Varrains dit non : « Pour Varrains, l’étude fait apparaître un besoin de financement en termes de participation à la construction à hauteur de 41 600 euros (hors potentielle aide de l’agglo) et de participation à la construction au fonds de roulement de la SPL d’environ 5 500 €. Les élus, jugeant que le coût est à prévoir sur 20 ans, que l’école a une cantinière et en prenant en compte l’achat de nouveaux matériels, ont affirmé de na pas être favorables au principe de construction et de gestion d’une cuisine centrale. Sur 13 votants, 12 voix contre et 1 abstention.
Trêve de plaisanterie, comme vous avez pu le lire dans le courrier de l’Ouest ce matin, Varrains a dit non à la cuisine centrale.
Le projet initial était intéressant pour nous puisque la cantinière arrive au terme de sa carrière. L’idée de recourir à la liaison froide était à étudier surtout en ce qui concerne la gestion du personnel : un bon cuisinier n’est pas pas facile à trouver mais aussi à remplacer temporairement. De plus le projet de mutualisation avec plusieurs communes me plaisait beaucoup. Le fait que les petits producteurs locaux soient impliqués dans le processus aussi.

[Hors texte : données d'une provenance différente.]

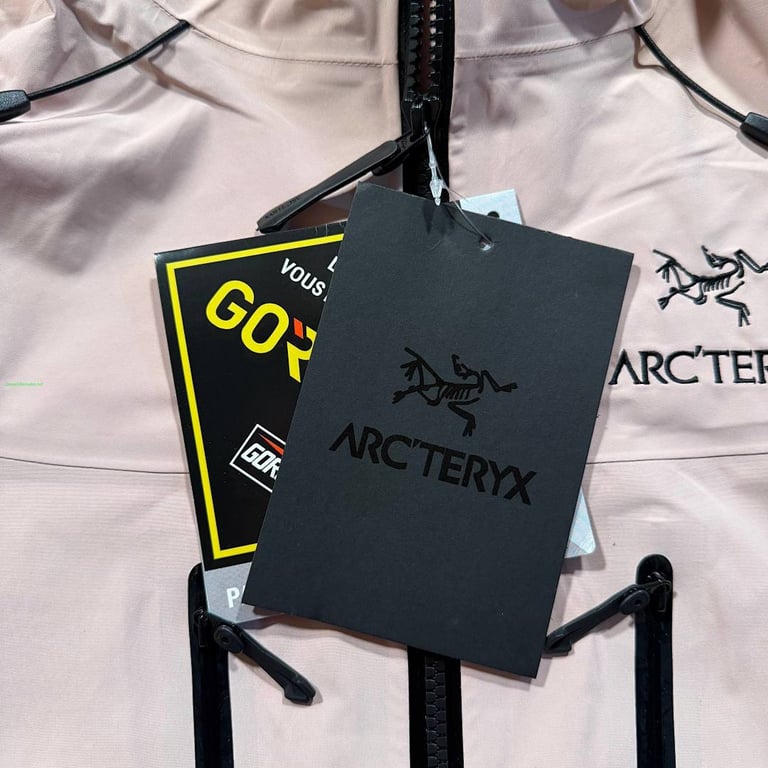 Arc'teryx Alpha SV Jacket Pink - 5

Le seul point négatif, mais il est de taille, c’est l’implication financière que cela demande. Sur un projet établit sur 20 ans, nous sommes, et c’est normal, pieds et poings liés. La commune avait aussi l’opportunité de revendre les repas à l’école privée mais le prix du repas envisagé (eux qui sont passé à la liaison froide par le biais du privé) a été rédhibitoire. Ensuite la décroissance démographique et le nombre des effectifs qui baissent sans cesse depuis des années est une des raisons pour laquelle Varrains ne veut pas s’engager dans une SPL de cette envergure. La commune se laisse toutefois l’opportunité, si l’évolution du nombre d’élèves augmente, de revoir sa copie. Elle continuera de proposer, tant que les aides gouvernementales nous le permettront des repas à un Euro pour les familles les plus modestes à 3,95€ pour les autres. »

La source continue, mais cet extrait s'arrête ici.